A modern update for an old-school classic
StarCraft: Brood War is a strategy game with real-time gameplay and a focus on base building, resource gathering and army building. The combination puts a lot of strain on the players and forces them to constantly get faster and faster in terms of reaction speed and unit management, especially during online matches. However, you can also enjoy it at your own pace in the single player campaign, which is epic and memorable in its own right.
The three available races are vastly different when it comes to how they approach conflict, which is why it takes so much time to learn how to properly play with all of them. Hence, the Terrans are a highly mechanical race that uses vehicles and powerful armored units to deal damage on the battlefield, but are obviously fairly slow sometimes, not to mention vulnerable if caught off-guard.
On the other hand, Zergs are designed to move swiftly and strike in great numbers, with all their units being organic and pretty physical in terms of combat. Their units might be weaker, but they are also difficult to pin down and numerous. Lastly, the Protoss excel in terms of defense and special abilities, given the fact that the make use of energy shields to block incoming attacks. Hence, their units might be more expensive, but they last a lot longer on the battlefield, and most of them have secondary abilities that can change the course of a fight if used correctly.
A few modern fixes and a lively multiplayer component
This free-to-play release comes with a new patch as well, the first one in over eight years. Naturally, this patch does not change anything in terms of gameplay or balancing, but it addresses a few interface issues, while also making the game more compliant with modern operating systems. Thus, it can be run on Windows 10 machines with no problem, and Blizzard even included a windowed function in case you do not like to stretch those ancient textures all over your 23-inch widescreen.

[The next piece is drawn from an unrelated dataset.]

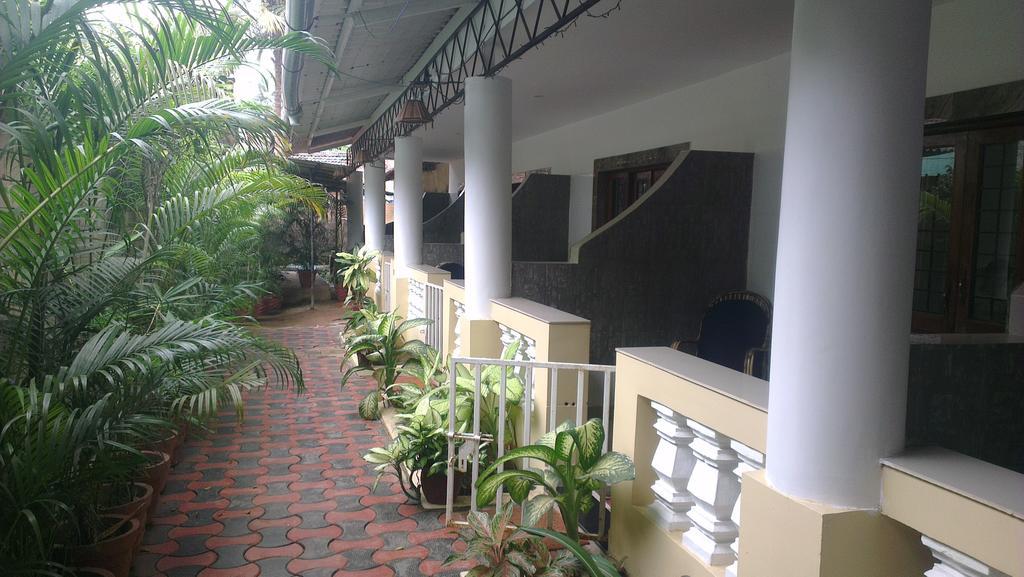 Alba Rooms Palolem Rosebuds ภายนอก รูปภาพ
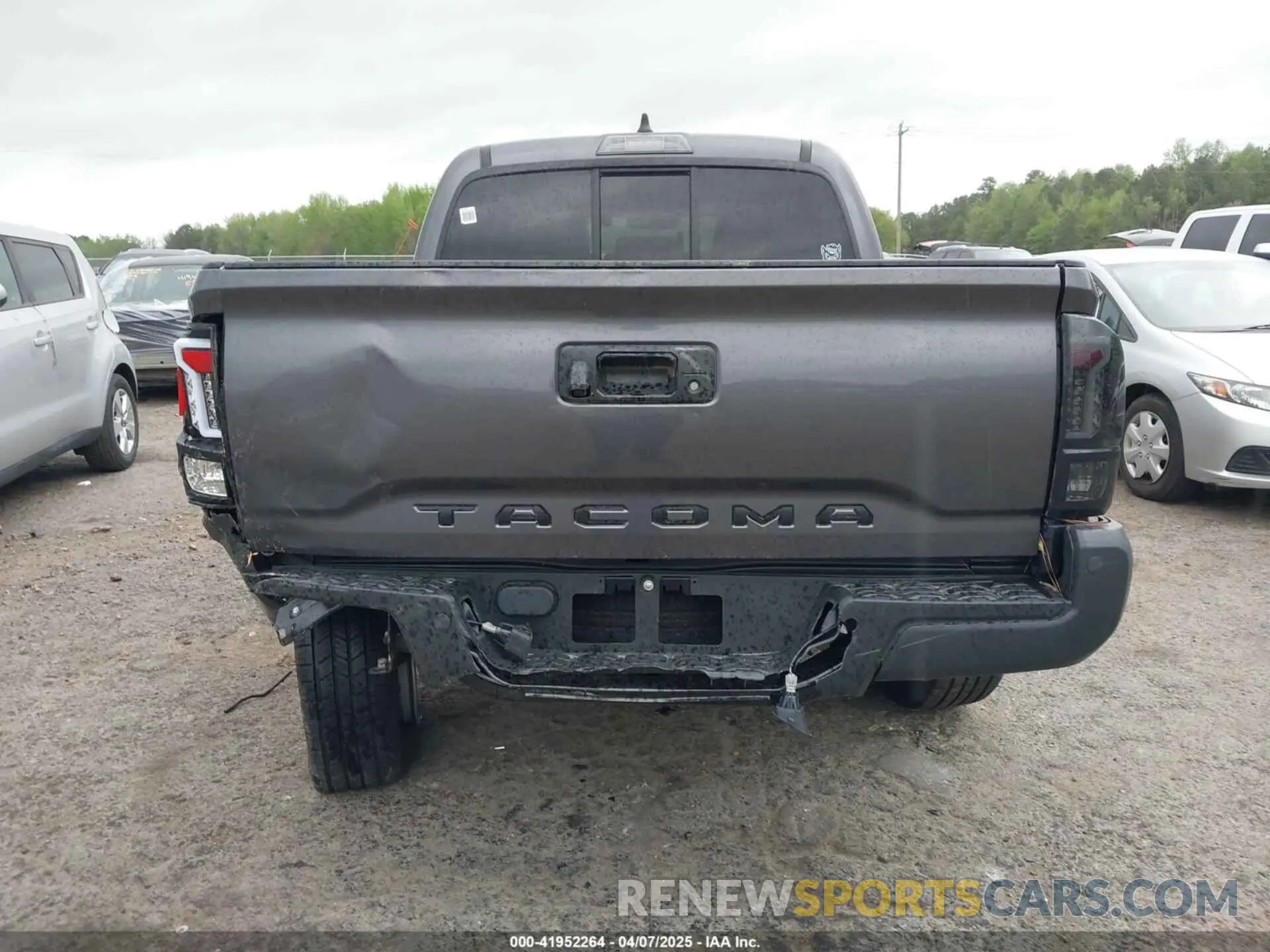 16 Фотография поврежденного автомобиля 5TFAX5GN2LX181385 TOYOTA TACOMA 2020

In addition, it’s also worth noting that the multiplayer is fully operational, including the Battle.net server that lets you play with people from all over the world. There’s obviously no ladder and no profile sections like there used to be, but if you want that you can get StarCraft II. It’s actually impressive to see how Blizzard continues to keep the servers up for a twenty-year-old game, given how many other developers stop doing so or their games after only a couple of years.
Lastly, you need to be prepared to deal with 1998 graphics, because the textures might take their toll on your eyes. Veterans won’t notice it as much, but if you weren’t around for the original release, it’s difficult to stay positive about the graphics nowadays. However, a remastered version is on its way, which promises 4K textures, new animations and even an extended soundtrack, so you might want to wait for that if retro isn’t your style.
A timeless classic that deserves a spot on your must-play list
In the end, there’s no point in reviewing, recommending or applauding StarCraft: Brood War anymore, because everyone and their grandma knows how great the game is. However, it’s nice to see Blizzard finally making it free-to-play, even if it’s probably just a marketing scheme to get more hype for the remastered version coming this summer.